Following are some log files demonstrating the steps:

Can anyone give any ideas or insight on this please? Seems bizarre that there may be an uncontrollable limit being applied here and I hope I've just missed a setting or something.

Thanks

Share this post


Link to post
Share on other sites

There is an issue with the linux server atm with reading bikeys.

 

The following is not my findings so please dont give any credit to me for this.

B.I have also been made aware of this recently and are working on a solution

The reason they fail is because multithreading issues _on the server_.

This has nothing to do with cpuCount or exThreads settings (set to 1 and 0 respectively during my investigations). The server, when it starts, does start multiple threads and I was able to trace all their OS calls during execution.

In short, BI are being hit by a "thundering herd" mitigation built-into Linux. They spawn a large number of threads that attempt to read files in parallel.
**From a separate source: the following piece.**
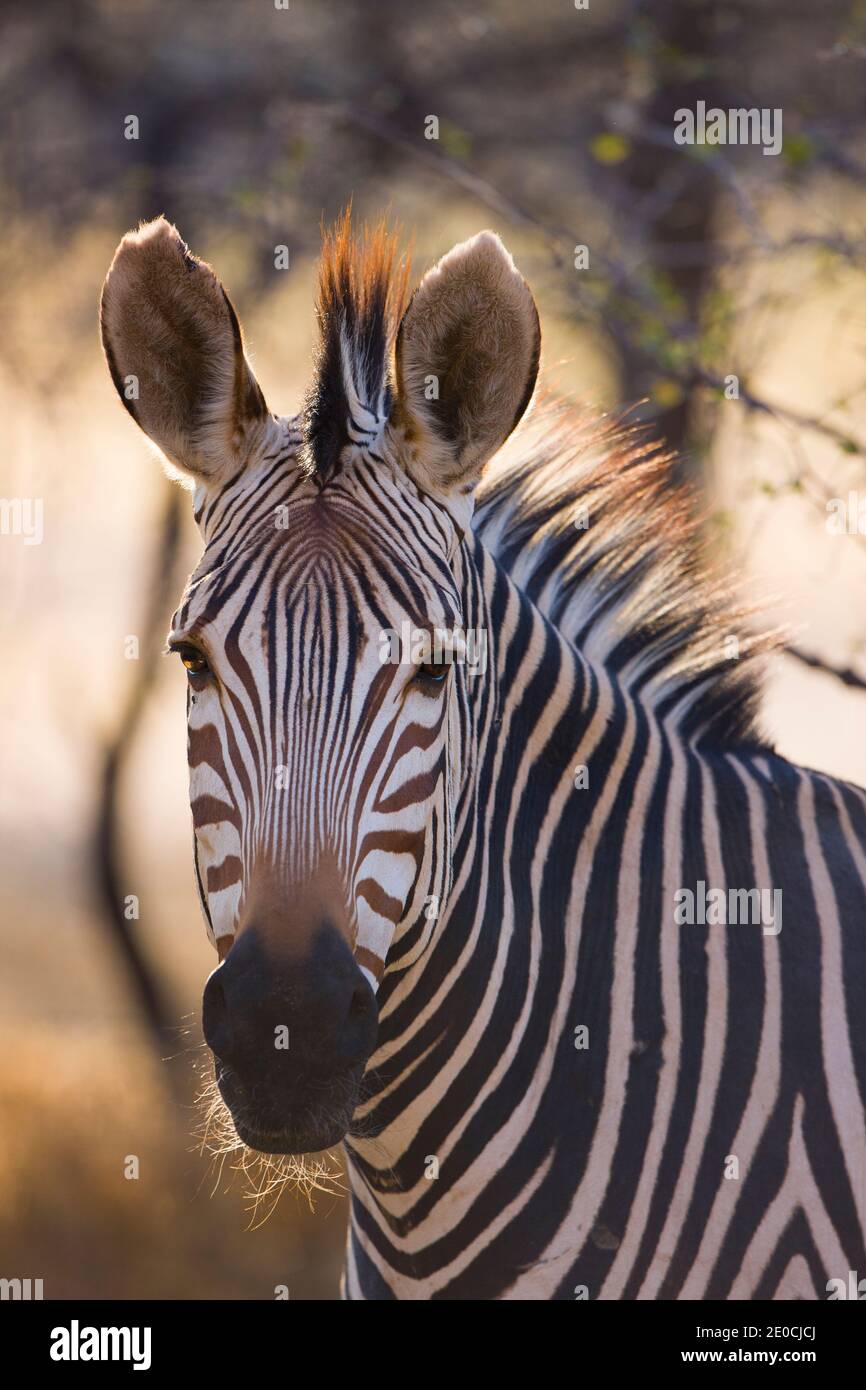 Fauna de africa hi-res stock photography and images - Alamy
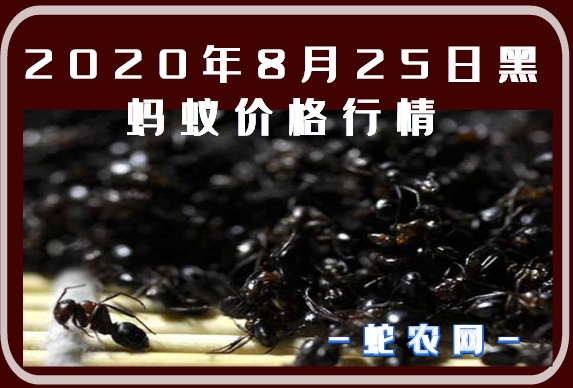 蚂蚁市场不能用了_蚂蚁市场_蚂蚁市场TV版下载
When the OS detects such condition it sends a EAGAIN signal that means the operation needs to be attempted again at the next cycle.

There is a function to be utilised by the application in such situation (FUTEX_REQUEUE) but the dedicated server on Linux isn't using it to requeue requests.

The result is that, from the server's point of view, certain key files read attempts fail; in reality they don't, the application is told to try again, but I haven't seen the second attempt materialise:

tmp.ztSvhDuYCu.strace.25691-17:20:32 futex(0xf6cc5600, FUTEX_WAKE_PRIVATE, 1) = 0
tmp.ztSvhDuYCu.strace.25691-17:20:32 lseek(807, 0, SEEK_CUR) = 0
tmp.ztSvhDuYCu.strace.25691-17:20:32 read(807, "UK3CB_BAF_Vehicles_4_0\0\224\0\0\0\6\2\0\0\0"..., 4096) = 175
tmp.ztSvhDuYCu.strace.25691-17:20:32 futex(0xf6cc55d4, FUTEX_WAIT_PRIVATE, 47393, NULL) = 0
tmp.ztSvhDuYCu.strace.25691-17:20:32 futex(0xf6cc5600, FUTEX_WAKE_PRIVATE, 1) = 0
tmp.ztSvhDuYCu.strace.25691-17:20:32 getcwd("/tmp/tmp.ztSvhDuYCu", 1024) = 20
tmp.ztSvhDuYCu.strace.25691:17:20:32 open("/tmp/tmp.ztSvhDuYCu/keys/UK3CB_BAF_Equipment_1_1.bikey", O_RDONLY) = 808
tmp.ztSvhDuYCu.strace.25691-17:20:32 futex(0xf6cc55d4, FUTEX_WAIT_PRIVATE, 47395, NULL) = 0
tmp.ztSvhDuYCu.strace.25691-17:20:32 futex(0xf6cc5600, FUTEX_WAIT_PRIVATE, 2, NULL) = -1 EAGAIN (Resource temporarily unavailable)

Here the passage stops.